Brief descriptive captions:
=== Section Start ===

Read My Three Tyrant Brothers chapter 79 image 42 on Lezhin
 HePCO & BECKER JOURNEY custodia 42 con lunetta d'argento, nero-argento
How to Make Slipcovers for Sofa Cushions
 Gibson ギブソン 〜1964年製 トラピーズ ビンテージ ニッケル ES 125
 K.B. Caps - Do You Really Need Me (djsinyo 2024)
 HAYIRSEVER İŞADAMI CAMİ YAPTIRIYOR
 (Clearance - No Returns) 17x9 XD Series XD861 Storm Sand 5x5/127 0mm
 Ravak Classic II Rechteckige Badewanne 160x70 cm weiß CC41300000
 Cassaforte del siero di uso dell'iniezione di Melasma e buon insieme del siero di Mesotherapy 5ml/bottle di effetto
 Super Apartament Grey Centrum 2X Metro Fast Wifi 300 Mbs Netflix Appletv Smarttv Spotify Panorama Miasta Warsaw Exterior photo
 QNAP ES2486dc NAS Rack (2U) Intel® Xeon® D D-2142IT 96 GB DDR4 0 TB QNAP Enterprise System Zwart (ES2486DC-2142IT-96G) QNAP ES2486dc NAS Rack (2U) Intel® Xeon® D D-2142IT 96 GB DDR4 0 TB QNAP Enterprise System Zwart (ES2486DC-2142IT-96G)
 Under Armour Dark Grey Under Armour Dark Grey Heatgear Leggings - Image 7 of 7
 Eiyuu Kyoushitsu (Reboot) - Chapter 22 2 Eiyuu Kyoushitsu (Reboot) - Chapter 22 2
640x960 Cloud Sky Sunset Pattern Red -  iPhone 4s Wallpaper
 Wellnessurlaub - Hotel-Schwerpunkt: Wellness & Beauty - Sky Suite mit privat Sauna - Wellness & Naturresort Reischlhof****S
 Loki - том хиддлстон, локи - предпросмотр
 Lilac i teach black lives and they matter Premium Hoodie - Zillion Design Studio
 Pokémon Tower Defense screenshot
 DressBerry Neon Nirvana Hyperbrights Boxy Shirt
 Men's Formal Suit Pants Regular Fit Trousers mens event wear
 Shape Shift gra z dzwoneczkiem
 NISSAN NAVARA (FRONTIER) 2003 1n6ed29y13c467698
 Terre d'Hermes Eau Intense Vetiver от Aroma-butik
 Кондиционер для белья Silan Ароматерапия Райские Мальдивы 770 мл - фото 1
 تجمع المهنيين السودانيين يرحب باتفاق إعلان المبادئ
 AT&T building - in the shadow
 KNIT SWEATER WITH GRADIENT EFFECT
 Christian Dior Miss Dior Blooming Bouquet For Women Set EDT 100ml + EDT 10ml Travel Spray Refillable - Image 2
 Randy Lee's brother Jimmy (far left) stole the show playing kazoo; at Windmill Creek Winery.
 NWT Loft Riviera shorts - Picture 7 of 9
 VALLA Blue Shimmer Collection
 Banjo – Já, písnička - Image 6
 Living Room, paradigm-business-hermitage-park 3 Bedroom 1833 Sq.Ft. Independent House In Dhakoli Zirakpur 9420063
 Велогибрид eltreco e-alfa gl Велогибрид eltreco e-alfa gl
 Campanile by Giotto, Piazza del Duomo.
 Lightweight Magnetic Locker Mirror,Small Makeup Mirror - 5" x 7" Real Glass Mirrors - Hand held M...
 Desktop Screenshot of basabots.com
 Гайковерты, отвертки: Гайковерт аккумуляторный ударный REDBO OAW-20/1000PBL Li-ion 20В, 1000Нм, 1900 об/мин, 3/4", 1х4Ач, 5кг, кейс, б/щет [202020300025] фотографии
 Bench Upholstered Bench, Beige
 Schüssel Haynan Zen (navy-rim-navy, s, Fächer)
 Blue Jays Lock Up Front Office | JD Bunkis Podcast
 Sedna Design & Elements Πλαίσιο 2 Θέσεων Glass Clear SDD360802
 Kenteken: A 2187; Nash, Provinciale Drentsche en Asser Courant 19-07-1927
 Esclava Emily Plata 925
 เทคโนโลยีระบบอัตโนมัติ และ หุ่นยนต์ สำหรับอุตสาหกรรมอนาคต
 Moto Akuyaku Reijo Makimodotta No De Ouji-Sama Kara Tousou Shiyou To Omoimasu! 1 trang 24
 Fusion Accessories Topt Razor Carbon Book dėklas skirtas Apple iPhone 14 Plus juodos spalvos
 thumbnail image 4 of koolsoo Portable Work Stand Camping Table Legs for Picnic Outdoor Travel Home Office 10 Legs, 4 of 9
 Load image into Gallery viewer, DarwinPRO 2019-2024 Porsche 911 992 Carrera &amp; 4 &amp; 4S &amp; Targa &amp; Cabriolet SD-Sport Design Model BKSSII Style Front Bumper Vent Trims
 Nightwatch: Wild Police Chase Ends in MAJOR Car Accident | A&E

=== Section End ===

■ DESCRIPTION OF THE TASK
Every entry must be repeated exactly; none may be skipped.

■ REPLY TO THE TASK
Read My Three Tyrant Brothers chapter 79 image 42 on Lezhin
 HePCO & BECKER JOURNEY custodia 42 con lunetta d'argento, nero-argento
How to Make Slipcovers for Sofa Cushions
 Gibson ギブソン 〜1964年製 トラピーズ ビンテージ ニッケル ES 125
 K.B. Caps - Do You Really Need Me (djsinyo 2024)
 HAYIRSEVER İŞADAMI CAMİ YAPTIRIYOR
 (Clearance - No Returns) 17x9 XD Series XD861 Storm Sand 5x5/127 0mm
 Ravak Classic II Rechteckige Badewanne 160x70 cm weiß CC41300000
 Cassaforte del siero di uso dell'iniezione di Melasma e buon insieme del siero di Mesotherapy 5ml/bottle di effetto
 Super Apartament Grey Centrum 2X Metro Fast Wifi 300 Mbs Netflix Appletv Smarttv Spotify Panorama Miasta Warsaw Exterior photo
 QNAP ES2486dc NAS Rack (2U) Intel® Xeon® D D-2142IT 96 GB DDR4 0 TB QNAP Enterprise System Zwart (ES2486DC-2142IT-96G) QNAP ES2486dc NAS Rack (2U) Intel® Xeon® D D-2142IT 96 GB DDR4 0 TB QNAP Enterprise System Zwart (ES2486DC-2142IT-96G)
 Under Armour Dark Grey Under Armour Dark Grey Heatgear Leggings - Image 7 of 7
 Eiyuu Kyoushitsu (Reboot) - Chapter 22 2 Eiyuu Kyoushitsu (Reboot) - Chapter 22 2
640x960 Cloud Sky Sunset Pattern Red -  iPhone 4s Wallpaper
 Wellnessurlaub - Hotel-Schwerpunkt: Wellness & Beauty - Sky Suite mit privat Sauna - Wellness & Naturresort Reischlhof****S
 Loki - том хиддлстон, локи - предпросмотр
 Lilac i teach black lives and they matter Premium Hoodie - Zillion Design Studio
 Pokémon Tower Defense screenshot
 DressBerry Neon Nirvana Hyperbrights Boxy Shirt
 Men's Formal Suit Pants Regular Fit Trousers mens event wear
 Shape Shift gra z dzwoneczkiem
 NISSAN NAVARA (FRONTIER) 2003 1n6ed29y13c467698
 Terre d'Hermes Eau Intense Vetiver от Aroma-butik
 Кондиционер для белья Silan Ароматерапия Райские Мальдивы 770 мл - фото 1
 تجمع المهنيين السودانيين يرحب باتفاق إعلان المبادئ
 AT&T building - in the shadow
 KNIT SWEATER WITH GRADIENT EFFECT
 Christian Dior Miss Dior Blooming Bouquet For Women Set EDT 100ml + EDT 10ml Travel Spray Refillable - Image 2
 Randy Lee's brother Jimmy (far left) stole the show playing kazoo; at Windmill Creek Winery.
 NWT Loft Riviera shorts - Picture 7 of 9
 VALLA Blue Shimmer Collection
 Banjo – Já, písnička - Image 6
 Living Room, paradigm-business-hermitage-park 3 Bedroom 1833 Sq.Ft. Independent House In Dhakoli Zirakpur 9420063
 Велогибрид eltreco e-alfa gl Велогибрид eltreco e-alfa gl
 Campanile by Giotto, Piazza del Duomo.
 Lightweight Magnetic Locker Mirror,Small Makeup Mirror - 5" x 7" Real Glass Mirrors - Hand held M...
 Desktop Screenshot of basabots.com
 Гайковерты, отвертки: Гайковерт аккумуляторный ударный REDBO OAW-20/1000PBL Li-ion 20В, 1000Нм, 1900 об/мин, 3/4", 1х4Ач, 5кг, кейс, б/щет [202020300025] фотографии
 Bench Upholstered Bench, Beige
 Schüssel Haynan Zen (navy-rim-navy, s, Fächer)
 Blue Jays Lock Up Front Office | JD Bunkis Podcast
 Sedna Design & Elements Πλαίσιο 2 Θέσεων Glass Clear SDD360802
 Kenteken: A 2187; Nash, Provinciale Drentsche en Asser Courant 19-07-1927
 Esclava Emily Plata 925
 เทคโนโลยีระบบอัตโนมัติ และ หุ่นยนต์ สำหรับอุตสาหกรรมอนาคต
 Moto Akuyaku Reijo Makimodotta No De Ouji-Sama Kara Tousou Shiyou To Omoimasu! 1 trang 24
 Fusion Accessories Topt Razor Carbon Book dėklas skirtas Apple iPhone 14 Plus juodos spalvos
 thumbnail image 4 of koolsoo Portable Work Stand Camping Table Legs for Picnic Outdoor Travel Home Office 10 Legs, 4 of 9
 Load image into Gallery viewer, DarwinPRO 2019-2024 Porsche 911 992 Carrera &amp; 4 &amp; 4S &amp; Targa &amp; Cabriolet SD-Sport Design Model BKSSII Style Front Bumper Vent Trims
 Nightwatch: Wild Police Chase Ends in MAJOR Car Accident | A&E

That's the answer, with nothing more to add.